Your assignment:
For the data below, transcribe the part that opens with the line containing "Shannai Limited Peace" and closes with the line containing "IRIS Hardware Storage", exactly and with no pictures.

Dataset records:
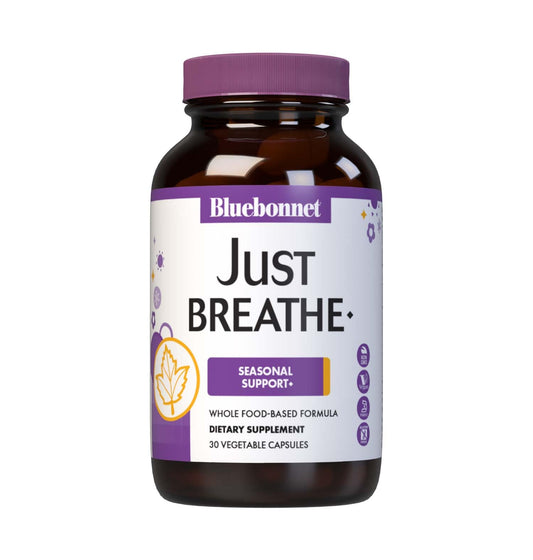 Pre-Order | Arrives in 5–10 Days – Bluebonnet Nutrition JustBreathe, Seasonal Support*, Non-GMO, Kosher Certified, Gluten-Free, Soy-Free, Dairy-Free, 30 Vegetable Capsules, 15 Servings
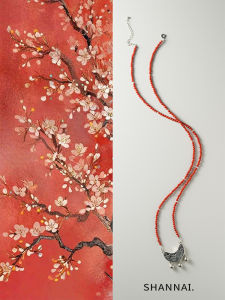 Shannai Limited Peace And Smoothness Natural Red Coral Silver Necklace Parent-Child Style Chinese New Year Pure Silver Lock Pendant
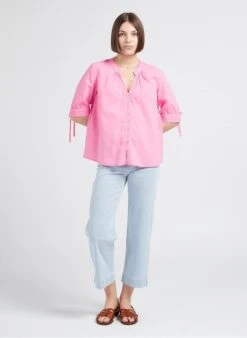 MAISON 123 TERRY - Katoenen Top Met Tuniekhals | Roze -MORGAN Verkoop 4245032 1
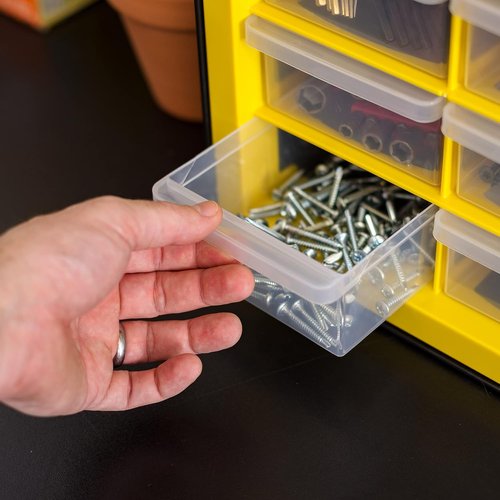 IRIS Hardware Storage Drawer - 44 Compartment Parts Organizer Cabinet | Yellow Color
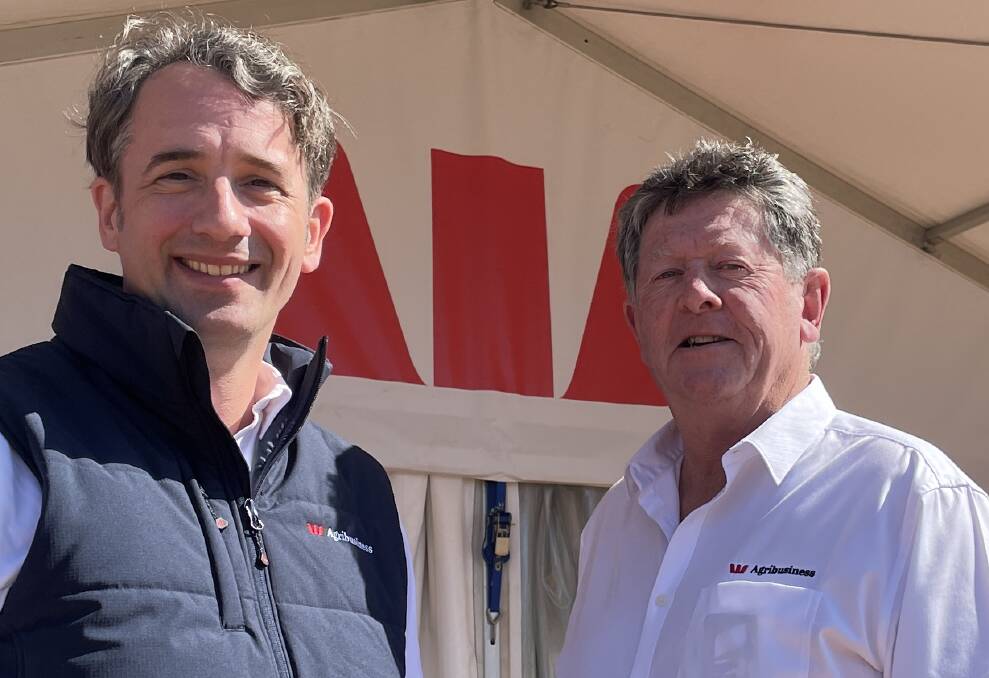 Westpac Banking Corporations national head of agribusiness lending, Ansgar Vogt, and northern NSW regional general manager of agribusiness, Hank MacInnes. Photo Andrew Marshall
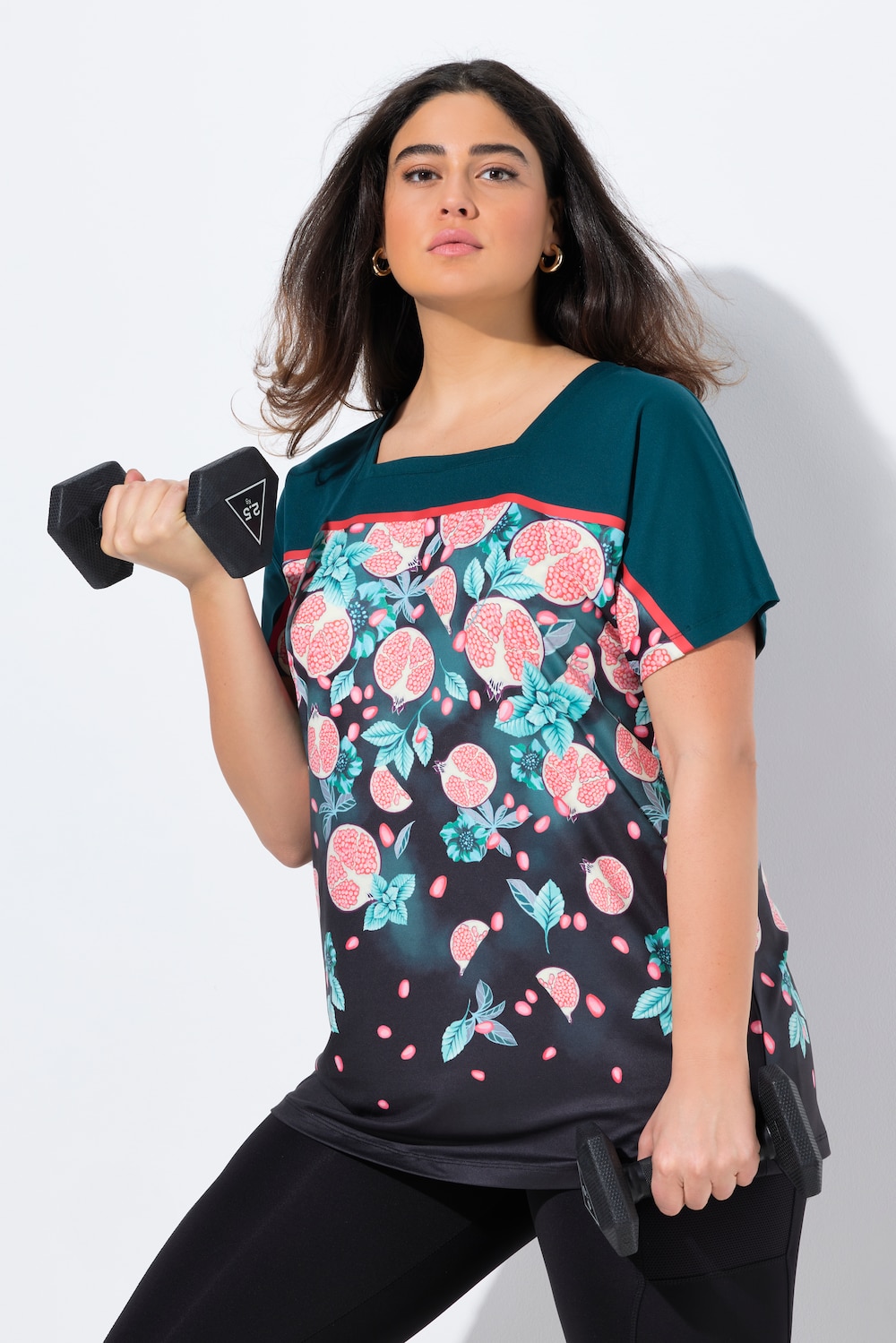 Funktionsshirt, Oversized, Carré-Ausschnitt, Halbarm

Solved exercise:
 Shannai Limited Peace And Smoothness Natural Red Coral Silver Necklace Parent-Child Style Chinese New Year Pure Silver Lock Pendant
 MAISON 123 TERRY - Katoenen Top Met Tuniekhals | Roze -MORGAN Verkoop 4245032 1
 IRIS Hardware Storage Drawer - 44 Compartment Parts Organizer Cabinet | Yellow Color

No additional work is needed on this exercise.